Your assignment » Within the lines below, the span from the line with "Vibrant city skyline" to the line with "Noir - Jupe", both ends included, is to be reproduced exactly, with pictures omitted.

(Materials provided Opens)

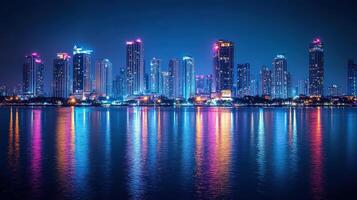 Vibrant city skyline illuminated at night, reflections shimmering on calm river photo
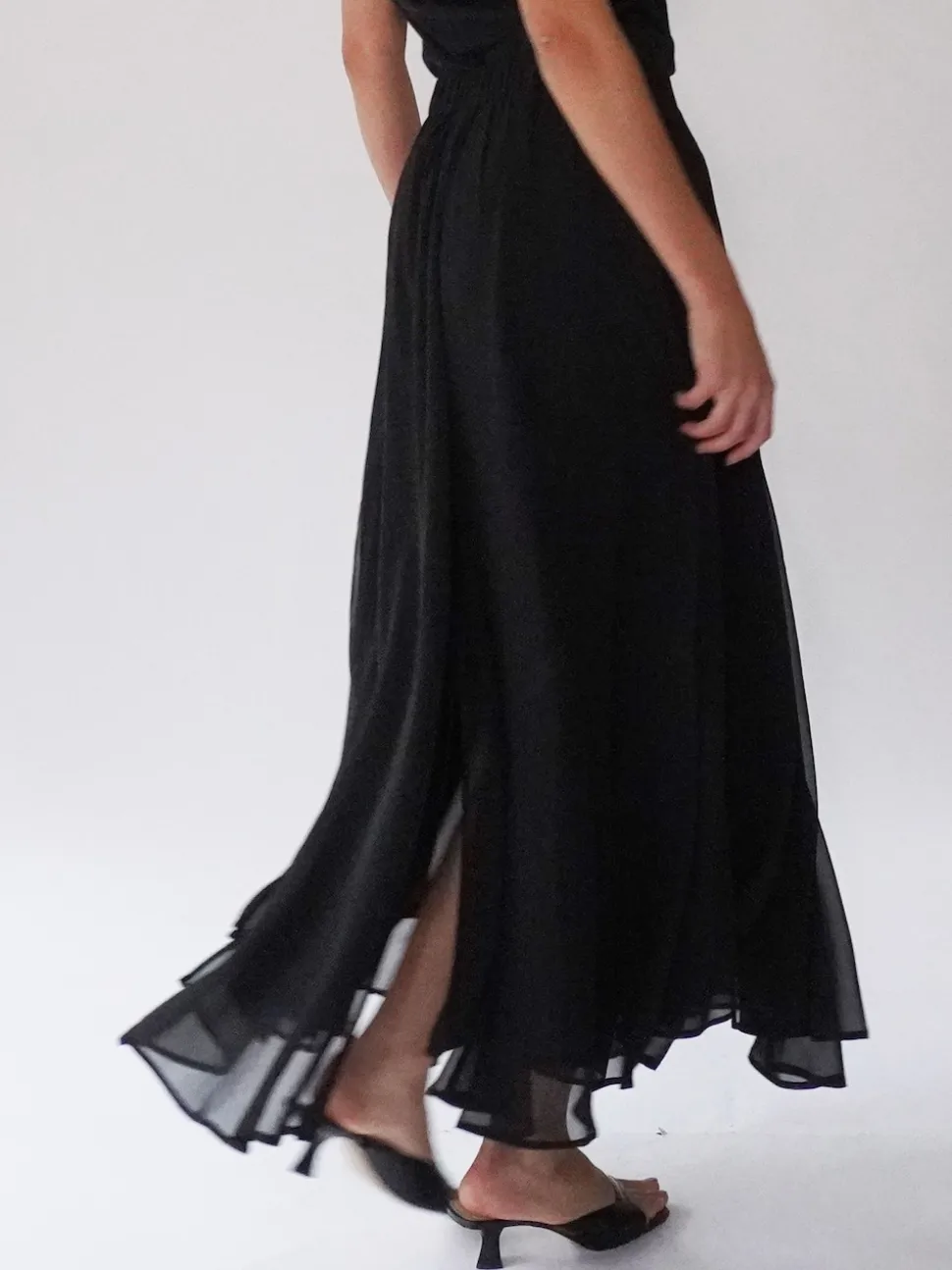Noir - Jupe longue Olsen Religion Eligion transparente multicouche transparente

(Materials provided Closes)
(Materials provided Opens)

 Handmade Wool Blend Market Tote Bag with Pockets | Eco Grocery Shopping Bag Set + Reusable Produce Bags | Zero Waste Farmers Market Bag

(Materials provided Closes)

Output for this task »
 Vibrant city skyline illuminated at night, reflections shimmering on calm river photo
Noir - Jupe longue Olsen Religion Eligion transparente multicouche transparente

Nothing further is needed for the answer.